Context
FreeFall Aerospace operates a novel spherical-reflector allsky antenna in Tucson, Arizona — capable of tracking any object in the visible sky simultaneously, without mechanical steering. CatSat is a 6U CubeSat from the University of Arizona, launched into LEO with an experimental inflatable antenna and a software-defined radio downlink.
DeepBro deployed DeepLink-02 at the FreeFall site to validate the Cognitive Radio Engine against a real, low-SNR, fast-moving target.
What we did
- Connected DeepLink-02 to the FreeFall allsky feed via direct USB / SoapyRemote
- Scheduled passes against the CatSat TLE using Skyfield
- Captured raw IQ at 2.048 MS/s during each pass window
- Ran the AMR engine inline (sub-50ms inference, Jetson Orin Nano)
- Cross-checked classifications against ground-truth where available
Results
The AMR engine reliably classified the downlink modulation across every viable pass, with settled-state confidence above 96% on QPSK and 16QAM signals at SNRs as low as 8 dB. The full IQ → classification → SNR readout pipeline ran end-to-end without dropped frames.

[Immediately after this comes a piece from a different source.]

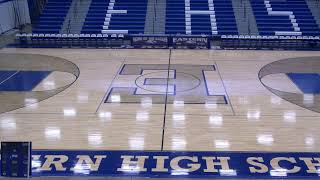 Eastern vs Jeffersontown High School Boys Varsity Basketball [upl. by Nemajneb]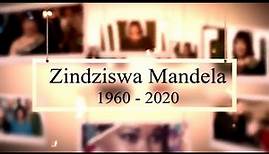 RIP Zindzi Mandela | An emotional, private send-off as Zindzi Mandela is laid to rest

“The DeepBro engine slotted in beside our existing SDR pipeline without any RF chain changes. The latency made it usable as a live decision input, not just a post-hoc analysis tool.”
What’s next
We’re extending this validation toward adaptive modulation selection — feeding AMR classifications back into the demodulator’s decision logic in real time, and measuring the resulting improvement in usable data per pass.